I did get a failure on a physical machine after about 3000 retries.

glk1001 avatar Oct 27 '21 12:10 glk1001

Hi, I've looked into this a bit more and it's failing because of this code sequence:

In

void pglogical_apply_main(Datum main_arg)

there is a call to

pglogical_sync_subscription(MySubscription);

Further in this gets called:

PGLogicalSyncStatus * get_subscription_sync_status(Oid subid, bool missing_ok)
...

	rv = makeRangeVar(EXTENSION_NAME, CATALOG_LOCAL_SYNC_STATUS, -1);
	rel = table_openrv(rv, RowExclusiveLock);
	tupDesc = RelationGetDescr(rel);

The problem is here - sometimes the return for sync status is 'i' instead of 'r'. This happens even though the 'pglogical_create_subscriber' program sets sync_status = 'r' just after setting up a subscription.
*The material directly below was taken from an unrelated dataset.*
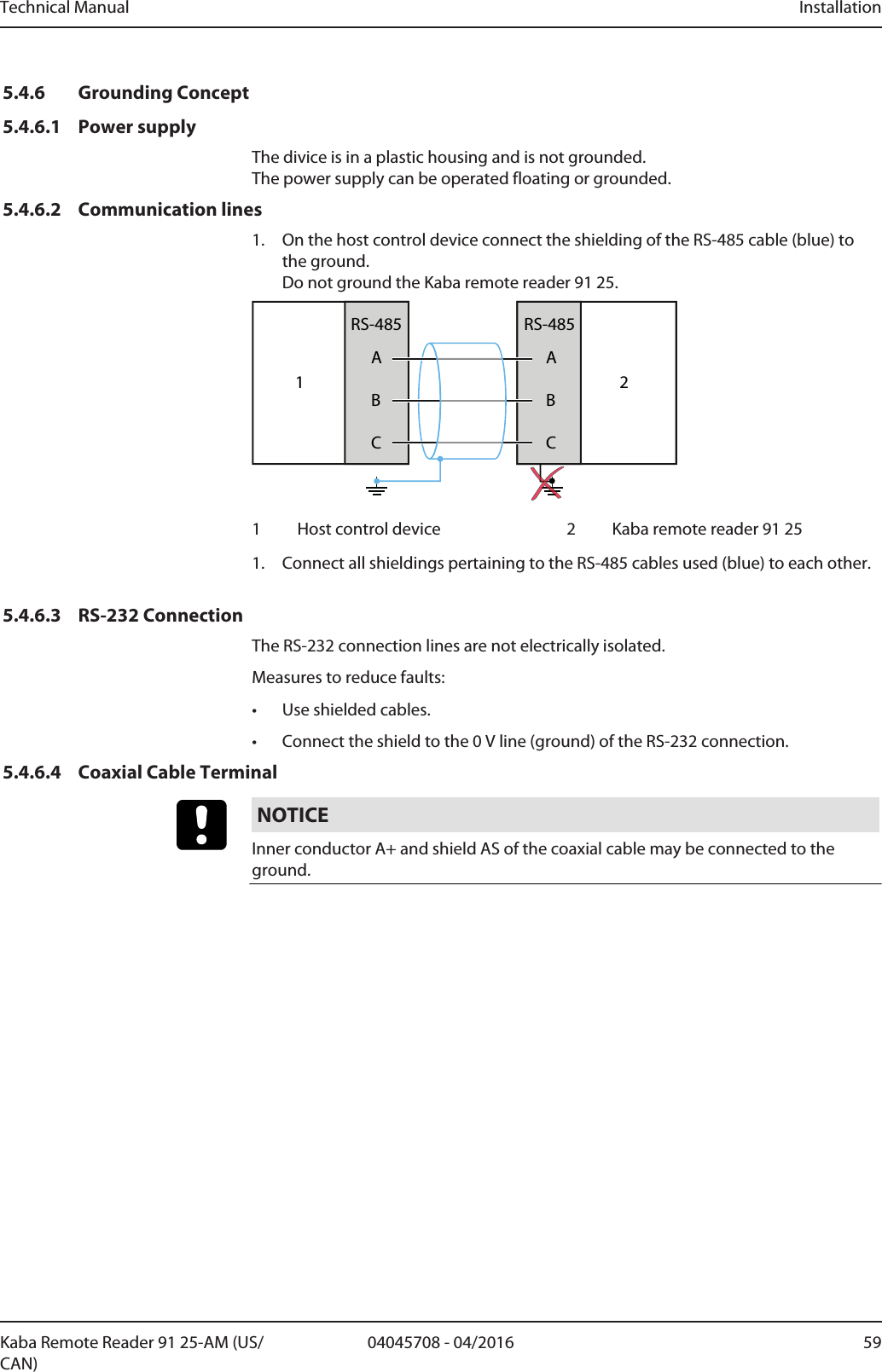 Technical Manual Installation5904045708 - 04/2016Kaba Remote Reader 91 25-AM (US/CAN)5.4.6 Grounding Concept5.4.6.1 Power supplyThe divice is in a plastic housing and is not grounded. The power supply can be operated floating or grounded.5.4.6.2 Communication lines1. On the host control device connect the shielding of the RS-485 cable (blue) tothe ground.Do not ground the Kaba remote reader 91 25.1ABCRS-485ABCRS-48521 Host control device 2 Kaba remote reader 91 251. Connect all shieldings pertaining to the RS-485 cables used (blue) to each other.5.4.6.3 RS-232 ConnectionThe RS-232 connection lines are not electrically isolated.Measures to reduce faults:• Use shielded cables.• Connect the shield to the 0V line (ground) of the RS-232 connection.5.4.6.4 Coaxial Cable TerminalNOTICEInner conductor A+ and shield AS of the coaxial cable may be connected to theground.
I can make the test script pass by forcing sync status = 'r' to be returned from 'get_subscription_sync_status'. Not sure why 'table_openrv' is not always getting 'r'.

glk1001 avatar Nov 09 '21 06:11 glk1001

@glk1001 we also met the same issue, could you share how you fix it? Or workaround?

JinlongWukong avatar Dec 09 '23 14:12 JinlongWukong